Tianze Shi, a doctoral candidate in the Department of Computer Science, and his advisor, Lillian Lee, Charles Roy Davis Professor in the departments of Computer Science and Information Science, won the 2021 Shared Task at the 17th International Conference on Parsing Technologies (IWPT) for their work appearing under the acronym "TGIF."
"TGIF" stands for "Tree-Graph Integrated-Format Parser for Enhanced Universal Dependencies with Two-Stage Generic- to Individual-Language Finetuning." Cornell's "TGIF" team—Shi and Lee—had the best overall score in a global competition involving nine teams; it also yielded the top score on sixteen of the seventeen languages represented. The system description will appear in the conference proceedings. In the meantime, a preprint of the system description is available.
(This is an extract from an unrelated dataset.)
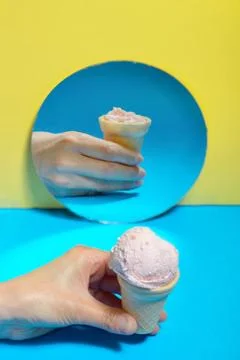 Ice Cream in a waffle Free Stock Photos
At IWPT, Shi and Lee presented their work to the "shared task on parsing into enhanced Universal Dependencies." As the team explains:
Our main system component is a hybrid tree-graph parser that integrates
- (a) predictions of spanning trees for the enhanced graphs with
- (b) additional graph edges not present in the spanning trees
We also adopt a finetuning strategy where we first train a language-generic parser on the concatenation of data from all available languages, and then, in a second step, finetune on each individual language separately. Additionally, we develop our own complete set of pre-processing modules relevant to the shared task, including tokenization, sentence segmentation, and multiword token expansion, based on pre-trained XLM-R models and our own pre-training of character-level language models. Our submission reaches a macro-average ELAS of 89.24 on the test set. It ranks top among all teams, with a margin of more than 2 absolute ELAS over the next best-performing submission.